Bringing autonomous driving to every road in America requires more than just technology — it demands an AI driver that understands the full spectrum of driving styles, road conditions, and environments. From quiet suburban neighborhoods to bustling city streets, Nuro Driver™ must adapt to it all.
In our 9 years of operation, Nuro Driver has driven many lifetimes worth of miles — mostly near our homes in the San Francisco Bay Area and Houston. To learn and adapt to new environments, we needed to hit the road and collect data in America’s largest cities, most utilized highways, and rural areas. In total, we visited areas representing the homes of 56% of Americans. We’ll use this data to bring our safe, driverless technology to a city near you soon.

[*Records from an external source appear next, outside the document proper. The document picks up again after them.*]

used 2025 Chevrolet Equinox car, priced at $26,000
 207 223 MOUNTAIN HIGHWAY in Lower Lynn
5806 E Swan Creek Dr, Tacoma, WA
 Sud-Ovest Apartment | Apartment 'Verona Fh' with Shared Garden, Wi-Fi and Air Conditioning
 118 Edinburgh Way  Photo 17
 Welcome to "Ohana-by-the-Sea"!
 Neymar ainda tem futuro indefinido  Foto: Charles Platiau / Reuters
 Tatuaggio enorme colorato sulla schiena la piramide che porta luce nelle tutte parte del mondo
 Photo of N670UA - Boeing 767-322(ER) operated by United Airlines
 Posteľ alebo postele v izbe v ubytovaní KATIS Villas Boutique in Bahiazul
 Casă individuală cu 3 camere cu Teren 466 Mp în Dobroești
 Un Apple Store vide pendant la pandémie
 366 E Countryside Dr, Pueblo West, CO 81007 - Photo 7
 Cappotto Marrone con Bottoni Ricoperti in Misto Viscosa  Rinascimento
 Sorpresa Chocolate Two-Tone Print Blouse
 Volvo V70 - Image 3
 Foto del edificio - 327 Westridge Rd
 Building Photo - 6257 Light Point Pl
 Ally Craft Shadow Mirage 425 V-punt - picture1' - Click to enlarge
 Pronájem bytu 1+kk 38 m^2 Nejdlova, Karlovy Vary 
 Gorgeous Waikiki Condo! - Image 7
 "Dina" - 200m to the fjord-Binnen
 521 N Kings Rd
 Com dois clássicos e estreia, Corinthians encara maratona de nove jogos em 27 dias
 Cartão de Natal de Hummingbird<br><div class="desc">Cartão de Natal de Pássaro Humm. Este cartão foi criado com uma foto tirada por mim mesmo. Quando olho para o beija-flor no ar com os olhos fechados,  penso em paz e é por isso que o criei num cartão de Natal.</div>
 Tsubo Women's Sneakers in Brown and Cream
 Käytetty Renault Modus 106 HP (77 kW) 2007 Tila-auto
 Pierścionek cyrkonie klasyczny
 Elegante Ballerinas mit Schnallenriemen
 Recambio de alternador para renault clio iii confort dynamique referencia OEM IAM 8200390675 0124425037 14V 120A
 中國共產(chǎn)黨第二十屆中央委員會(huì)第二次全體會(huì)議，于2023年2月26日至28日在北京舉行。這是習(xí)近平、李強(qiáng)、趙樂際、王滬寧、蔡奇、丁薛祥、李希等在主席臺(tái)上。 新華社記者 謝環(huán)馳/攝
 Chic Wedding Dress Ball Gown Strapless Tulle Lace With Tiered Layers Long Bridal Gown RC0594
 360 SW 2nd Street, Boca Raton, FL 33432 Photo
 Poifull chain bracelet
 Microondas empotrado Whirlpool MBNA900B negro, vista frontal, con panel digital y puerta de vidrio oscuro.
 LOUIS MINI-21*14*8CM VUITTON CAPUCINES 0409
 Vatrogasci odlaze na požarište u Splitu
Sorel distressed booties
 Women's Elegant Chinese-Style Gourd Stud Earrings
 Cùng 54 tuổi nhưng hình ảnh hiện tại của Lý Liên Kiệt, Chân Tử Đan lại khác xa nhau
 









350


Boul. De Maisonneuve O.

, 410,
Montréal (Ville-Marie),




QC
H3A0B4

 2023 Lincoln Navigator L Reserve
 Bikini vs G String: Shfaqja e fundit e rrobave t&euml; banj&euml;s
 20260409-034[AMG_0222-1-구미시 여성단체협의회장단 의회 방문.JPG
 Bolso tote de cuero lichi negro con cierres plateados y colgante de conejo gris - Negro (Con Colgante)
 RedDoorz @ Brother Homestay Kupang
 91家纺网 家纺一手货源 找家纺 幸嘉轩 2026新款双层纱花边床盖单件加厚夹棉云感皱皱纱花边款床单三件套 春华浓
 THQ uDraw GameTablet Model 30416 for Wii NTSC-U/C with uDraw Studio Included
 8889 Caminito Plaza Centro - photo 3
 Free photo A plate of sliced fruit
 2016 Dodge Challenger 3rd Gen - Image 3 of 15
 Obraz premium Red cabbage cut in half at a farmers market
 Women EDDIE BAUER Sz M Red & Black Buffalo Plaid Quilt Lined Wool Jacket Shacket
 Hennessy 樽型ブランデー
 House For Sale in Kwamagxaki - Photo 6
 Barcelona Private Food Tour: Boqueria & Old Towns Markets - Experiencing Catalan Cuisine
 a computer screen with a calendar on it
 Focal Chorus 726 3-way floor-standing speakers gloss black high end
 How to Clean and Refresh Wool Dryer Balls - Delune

Capturing the Full Spectrum of Driving Scenarios
We sent manually driven Nuro Prius AVs to 59 cities, boosting our total U.S. road coverage by nearly 4x. Every city offered a new set of conditions — from the dense traffic of New York to the heavy rain of Seattle. By collecting data on how our vehicles interact with road layouts, weather, and differing driving styles, we’re building a dynamic dataset that directly strengthens our AI models.
Images of the Nuro Prius AVs from cities across America.
Building a Generalizable Autonomy Stack
Collecting data is just the first step. The real impact comes from how we use that data to elevate every aspect of our autonomy stack. Our goal is to develop a generalizable self-driving technology that can adapt itself to any environment. Broad, diverse data serves as our foundation, ensuring we can drive well in any area of the U.S.
Specifically, we utilize this data in 3 ways:
- Mapping: To scale Nuro Driver to all roads and all rides, we need to generate accurate, real-time maps, even in unfamiliar areas. We label a portion of the data collected, then use it to train and evaluate our online mapping system. Using our robust data set, we can now create maps in real time in any city — even if we’ve never driven there before — without relying on any high definition (HD) context map.
- Perception: Just like any driver, our systems learn from their environment. We’ve spent a lot of time in our home cities and the typical road signs, traffic patterns, and sunny weather. Using our expanded data set, we are teaching our Perception module to identify things that don’t happen often in the Bay Area or Houston — like a stop sign covered in snow. This broadens the system’s ability to operate independently of context maps and rely more on our advanced online mapping capabilities.
- Behavior: Real-world data is key to refining the Nuro Driver’s decision-making. We take real data collected on actual roads, re-drive virtually using our latest software version and with different environments, and assess our performance. We can now run this evaluation on any area we’ve driven, even without an HD context map. Through this exercise, we’re optimizing how the vehicle responds — whether adjusting speed, braking, or changing lanes. This ensures that the Nuro Driver behaves intelligently, adapting to each road condition with precision.
Data Utilization: our system now creates precise maps of San Francisco without relying on context maps, boosting both accuracy and efficiency.
The Road Ahead: Scaling, Continuously Improving, and Fine Tuning
The data we’ve collected — spanning highways, city streets, and rural roads — has already begun improving on our foundational AI models. But just like you need to adjust to the driving in a new city during a vacation, we always fine tune our models to incorporate regional nuances before we launch autonomous systems in a new marketplace. As we continue to expand our domain and gather data from even more cities, our mission is clearer than ever: to build an AI-powered autonomy stack that seamlessly handles the complexities of real-world driving, at scale.